BEGIN Information
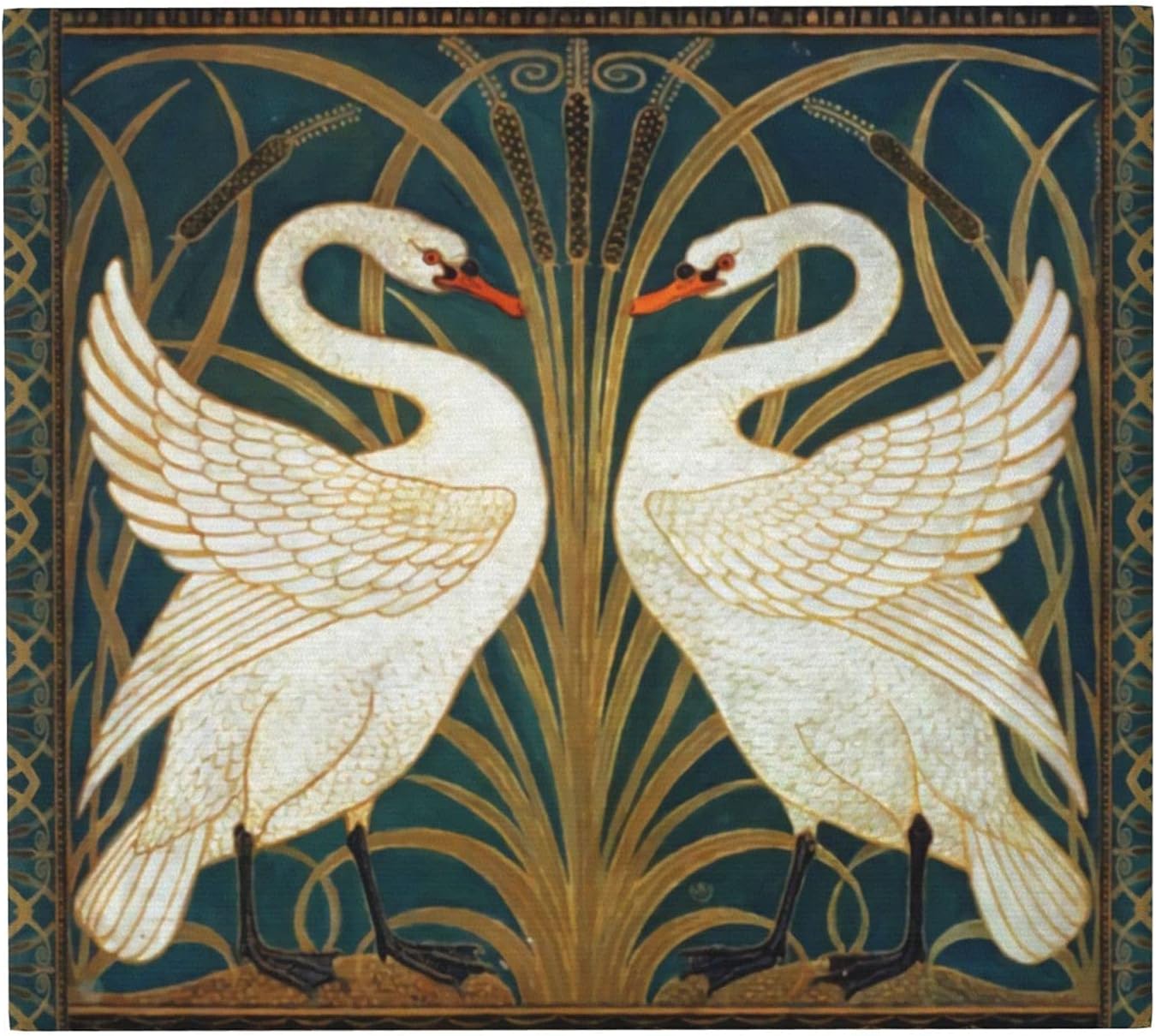 Dish Drying Mats,Walter Crane Swan Rush And Iris Art Nouveau Absorbent Dish Drainer Mat Sink Mat Pad 41X46 CM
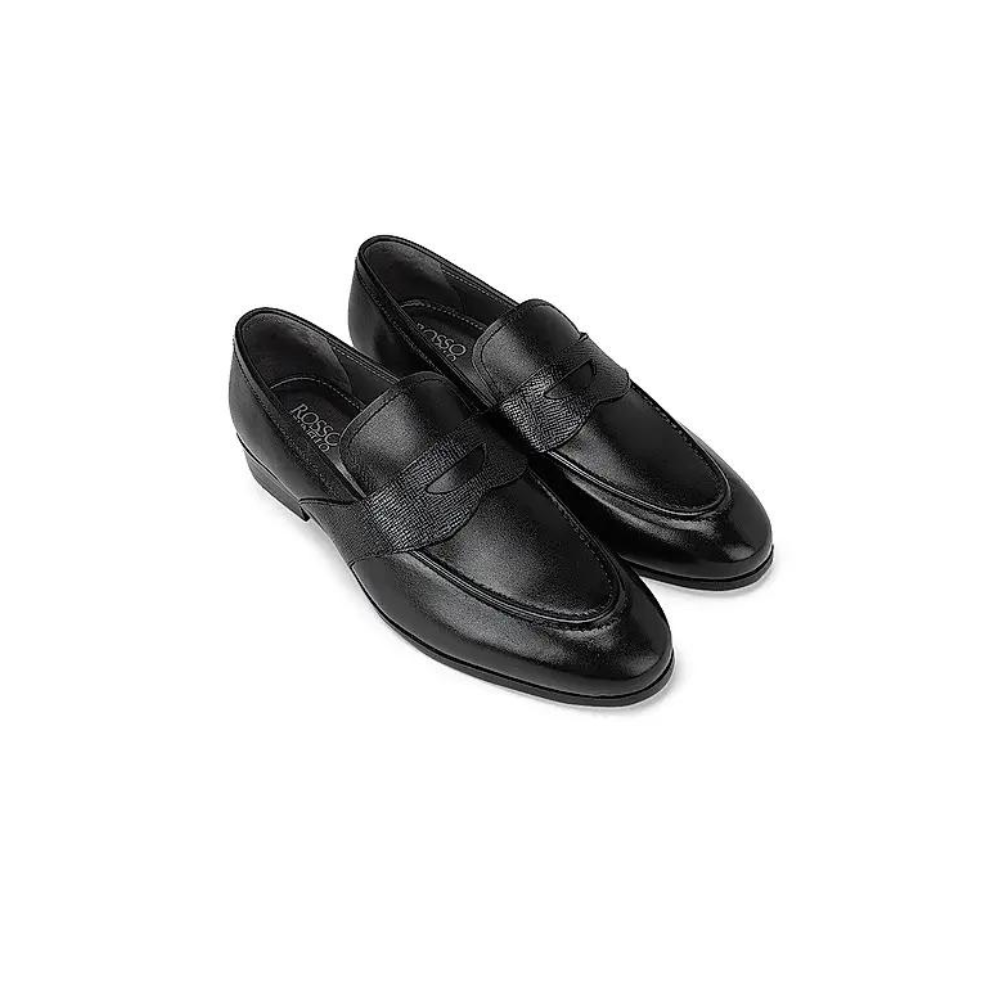 Black Leather Panel Loafers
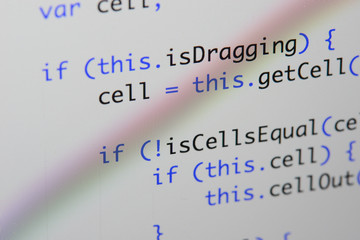 Wall Mural - real java script code developing screen. programing workflow abstract algorithm concept. closeup of 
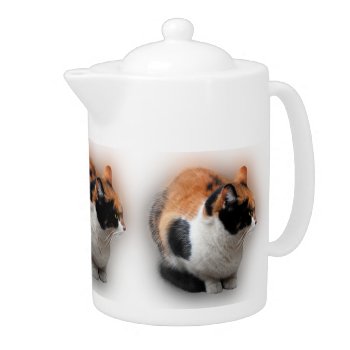 Pensive Calico Cat Teapot by AutumnRoseMDS at Zazzle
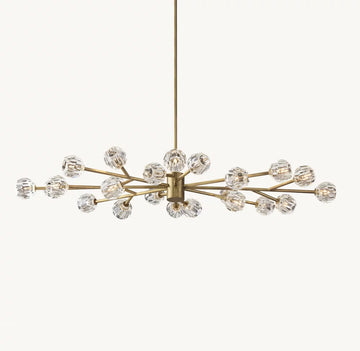 Boule Crystal Clear Glass Oval Chandelier 72"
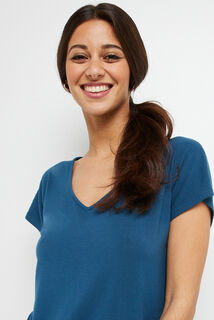 BAMBOU T-SHIRT MANCHES COURTES PETROLE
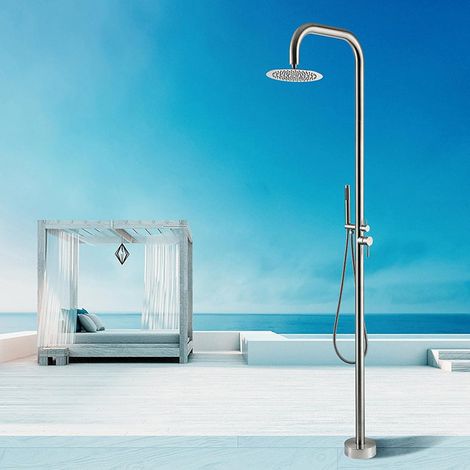 Outdoor Pool Shower Garden Shower Hot Water Cold Water Brushed Stainless Steel 304 (1/5)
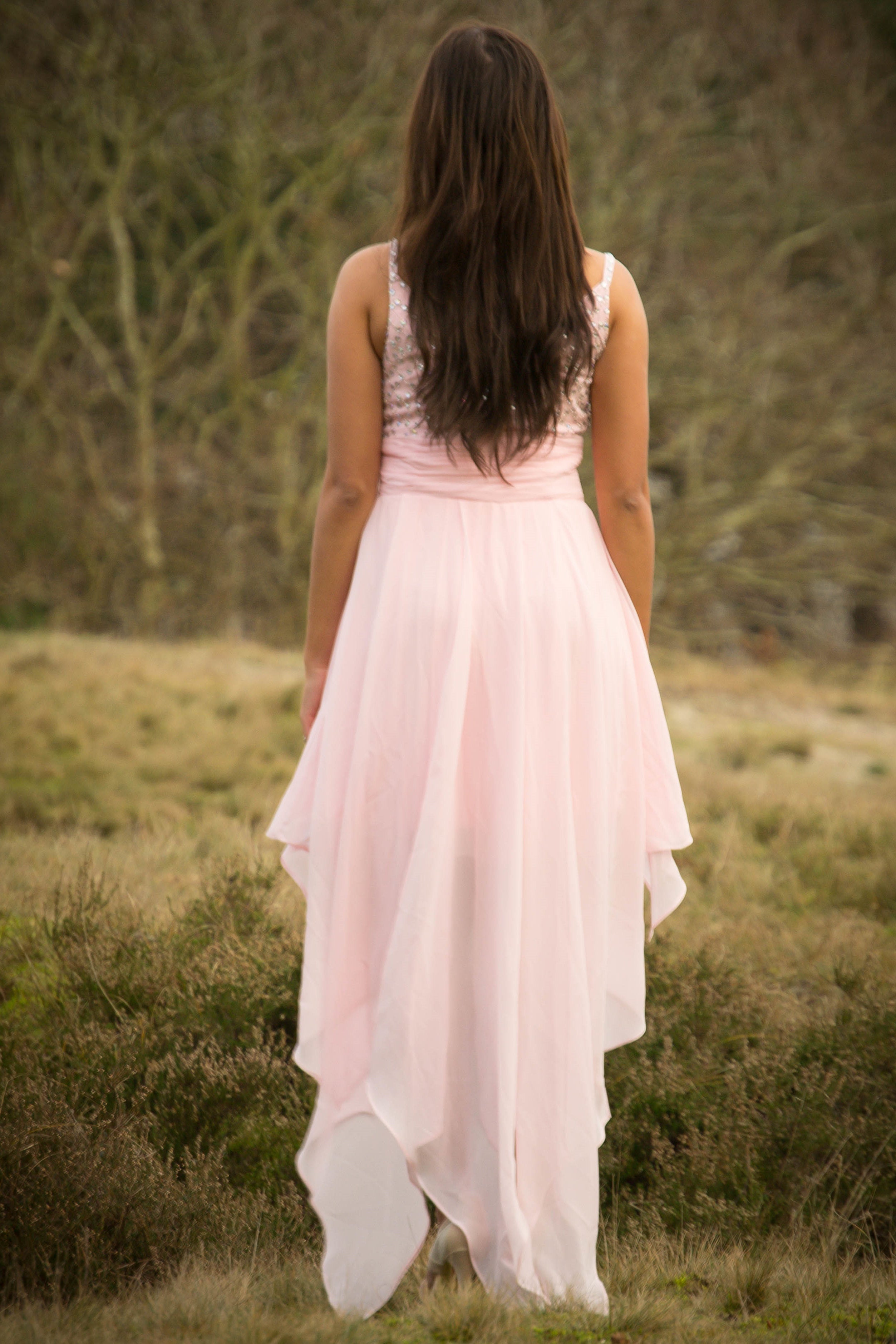 Elegant A-Line Spaghetti Strap Hi-Low Chapel Length Tulle Rhinestone Prom Dress for Homecoming, Wedding, and Formal Events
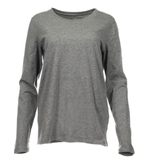 Blue YLK-1071 Women's Solid Long Sleeve Scoop Neck T-Shirt, Gray Heather, XL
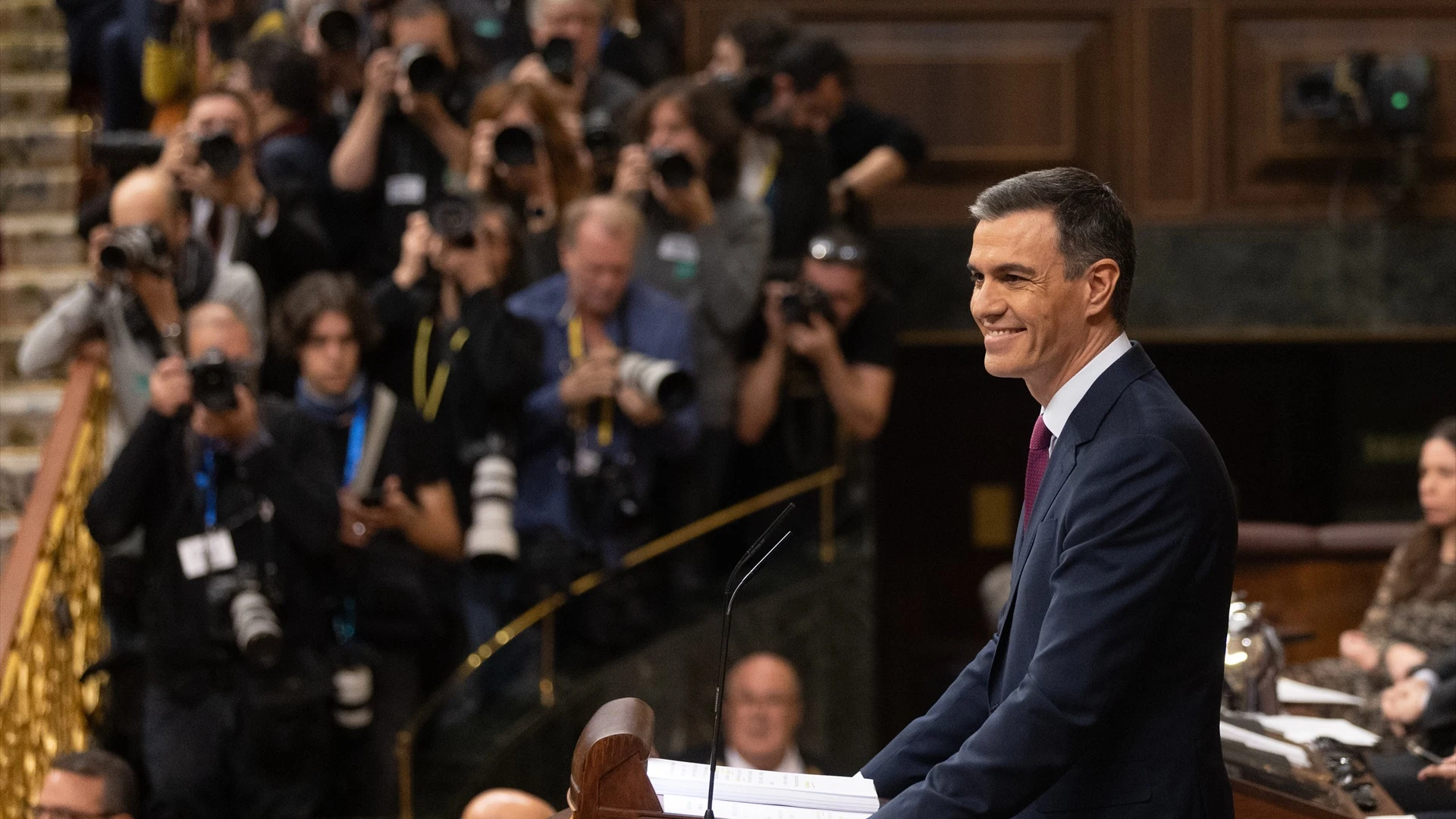 Pedro Sánchez, al inicio de su intervención en la primera sesión del debate de investidura en el Congreso de los Diputados.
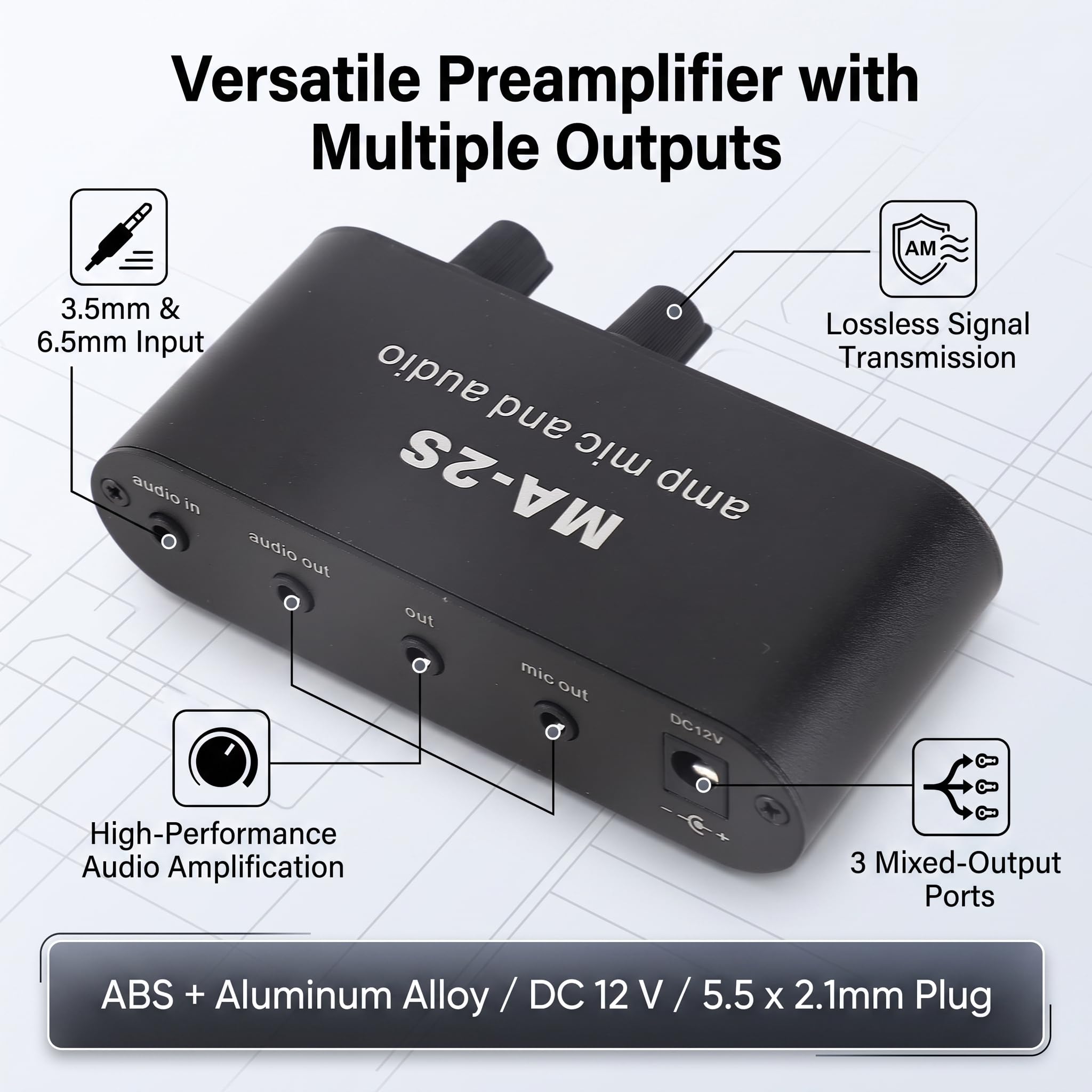 Kleiner Stereo-Audio-Vorverstärker 3 Ausgangsanschlüsse Aluminium-ABS-Kopfhörerverstärker für Lautsprecher Dynamisches 6,5-mm-Mikrofon 3,5-mm-Kondensatorschnittstelle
END Information
Exercise prompt >> Only the lines from the one with "Elegant A-Line Spaghetti" through the final line of the entries belong in the answer, set down exactly, with both ends included and no pictures.

Task answer >>
 Elegant A-Line Spaghetti Strap Hi-Low Chapel Length Tulle Rhinestone Prom Dress for Homecoming, Wedding, and Formal Events
 Blue YLK-1071 Women's Solid Long Sleeve Scoop Neck T-Shirt, Gray Heather, XL
 Pedro Sánchez, al inicio de su intervención en la primera sesión del debate de investidura en el Congreso de los Diputados.
 Kleiner Stereo-Audio-Vorverstärker 3 Ausgangsanschlüsse Aluminium-ABS-Kopfhörerverstärker für Lautsprecher Dynamisches 6,5-mm-Mikrofon 3,5-mm-Kondensatorschnittstelle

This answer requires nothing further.